**DIRECTIONS:**
What is needed is every line of the material that contains "Silver".

____

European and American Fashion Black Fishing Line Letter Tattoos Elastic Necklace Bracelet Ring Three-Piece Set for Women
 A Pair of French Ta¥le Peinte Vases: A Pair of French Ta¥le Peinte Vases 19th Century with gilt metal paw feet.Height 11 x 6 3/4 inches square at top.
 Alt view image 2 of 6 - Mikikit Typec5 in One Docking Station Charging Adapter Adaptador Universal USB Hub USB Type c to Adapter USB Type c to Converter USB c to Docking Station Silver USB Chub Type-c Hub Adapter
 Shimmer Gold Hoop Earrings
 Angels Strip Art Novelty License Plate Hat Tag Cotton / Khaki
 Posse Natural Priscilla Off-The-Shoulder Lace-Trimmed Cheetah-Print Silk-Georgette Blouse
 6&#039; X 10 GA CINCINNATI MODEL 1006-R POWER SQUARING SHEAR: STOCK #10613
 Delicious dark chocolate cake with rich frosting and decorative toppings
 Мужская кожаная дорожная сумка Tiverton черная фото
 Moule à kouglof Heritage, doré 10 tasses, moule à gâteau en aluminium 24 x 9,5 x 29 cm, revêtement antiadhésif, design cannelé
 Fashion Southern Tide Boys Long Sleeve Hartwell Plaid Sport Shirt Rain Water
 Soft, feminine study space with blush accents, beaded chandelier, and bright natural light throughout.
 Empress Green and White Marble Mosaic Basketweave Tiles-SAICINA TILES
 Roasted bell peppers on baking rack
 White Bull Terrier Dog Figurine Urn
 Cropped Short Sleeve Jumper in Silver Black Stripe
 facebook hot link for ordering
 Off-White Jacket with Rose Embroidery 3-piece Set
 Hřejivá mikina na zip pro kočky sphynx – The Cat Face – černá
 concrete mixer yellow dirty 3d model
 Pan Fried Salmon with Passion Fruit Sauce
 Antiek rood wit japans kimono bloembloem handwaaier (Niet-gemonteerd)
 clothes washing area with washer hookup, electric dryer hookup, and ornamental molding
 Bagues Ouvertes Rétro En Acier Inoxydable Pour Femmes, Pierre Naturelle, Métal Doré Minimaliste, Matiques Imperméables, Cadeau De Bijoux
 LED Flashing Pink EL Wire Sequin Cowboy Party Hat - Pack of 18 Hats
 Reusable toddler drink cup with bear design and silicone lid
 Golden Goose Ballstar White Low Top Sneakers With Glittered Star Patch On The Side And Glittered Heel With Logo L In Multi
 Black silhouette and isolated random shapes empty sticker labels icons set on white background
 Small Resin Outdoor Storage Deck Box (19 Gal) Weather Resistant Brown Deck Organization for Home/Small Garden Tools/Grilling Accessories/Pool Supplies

____

**RESULT OF THIS TASK:**
 Alt view image 2 of 6 - Mikikit Typec5 in One Docking Station Charging Adapter Adaptador Universal USB Hub USB Type c to Adapter USB Type c to Converter USB c to Docking Station Silver USB Chub Type-c Hub Adapter
 Cropped Short Sleeve Jumper in Silver Black Stripe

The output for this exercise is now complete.